BGH: Familienangehörige trotz räumlicher Trennung

Das sah der BGH genauso und wies die Revision zurück. Zwar hätten die Partner das Grundstück gemeinsam erworben, so dass grundsätzlich drei Jahre lang nicht gekündigt werden dürfe, § 577a Abs. 1a Satz 1 Nr. 1 BGB.  Die Beurteilung des LG Arnsberg, dass die Kündigungssperre keine Anwendung finde, weil die Ehegatten bei Erwerb trotz Trennung "derselben Familie" (§ 577 Abs. 1a Satz 2 BGB) angehörten, sei im Ergebnis richtig. Allerdings, so der VIII. Zivilsenat, ist die Familie auch nicht durch die Scheidung aufgelöst worden. Daher sei die vom westfälischen Gericht getroffene Unterscheidung zwischen Trennung und Scheidung unnötig.

Anknüpfungspunkt im Zeugnisverweigerungsrecht

Als Anknüpfungspunkt, wie weit der Kreis der Familienangehörigen bei der Eigenbedarfskündigung, § 573 Abs. 2 Nr. 2 BGB, zu ziehen ist, sind dem BGH zufolge die Regelungen über ein Zeugnisverweigerungsrecht aus persönlichen Gründen heranzuziehen.
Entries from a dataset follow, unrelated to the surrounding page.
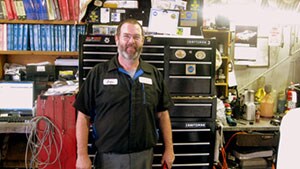 Staff member JOHN ZESIGER from 7745fbe62426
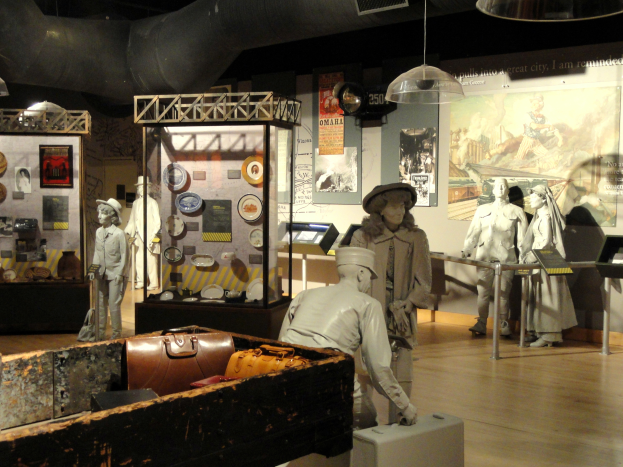 Ein Museumsraum mit verschiedenen Ausstellungsstücken, darunter Puppen mit Hüten, eine Aktentasche, eine Kiste und andere Gegenstände auf dem Boden sowie Informationsschilder an den Wänden und Lampen an der Decke.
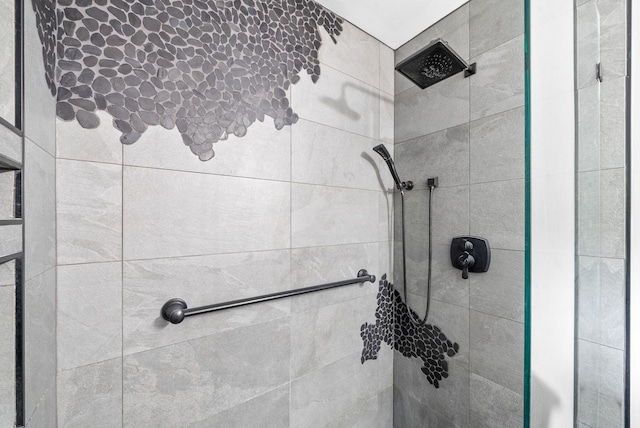 bathroom with a tile shower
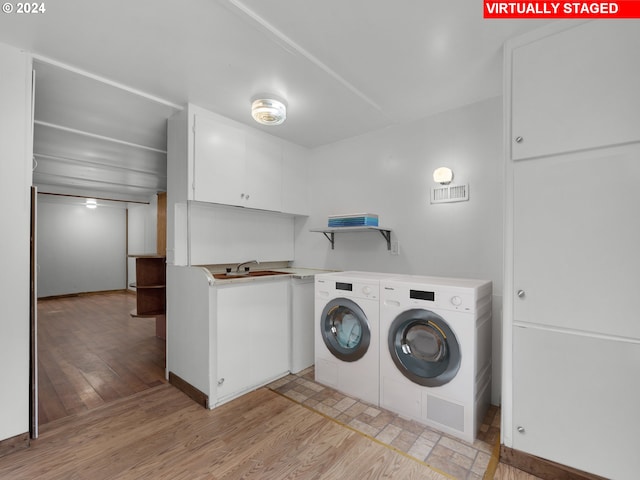 clothes washing area with washer and dryer, a sink, light wood finished floors, and cabinet space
Diese konkretisierten mit Rücksicht auf eine typisierte persönliche Nähebeziehung den Kreis privilegierter Familienangehöriger, und zwar unabhängig davon, ob tatsächlich eine persönliche Bindung bestehe. Aus Sicht der Karlsruher Richter sind damit diejenigen Personen, denen das Prozessrecht ein Zeugnisverweigerungsrecht aus persönlichen Gründen gewährt, Familienangehörige, zu deren Gunsten eine Eigenbedarfskündigung ausgesprochen werden kann. Dies gelte unabhängig vom Vorliegen eines konkreten, tatsächlichen Näheverhältnisses. Hierunter fielen Ehegatten auch dann, wenn sie getrennt lebten, ein Scheidungsantrag bereits eingereicht oder die Scheidung vollzogen sei. Denn gemäß § 383 Abs. 1 Nr. 2 ZPO sei ein Ehegatte selbst dann zur Verweigerung des Zeugnisses berechtigt, wenn die Ehe nicht mehr bestehe. Der BGH räumte den Mietern eine Räumungsfrist bis Ende Januar 2021 ein.

BGH, Urteil vom 02.09.2020 - VIII ZR 35/19

Redaktion beck-aktuell, 24. September 2020.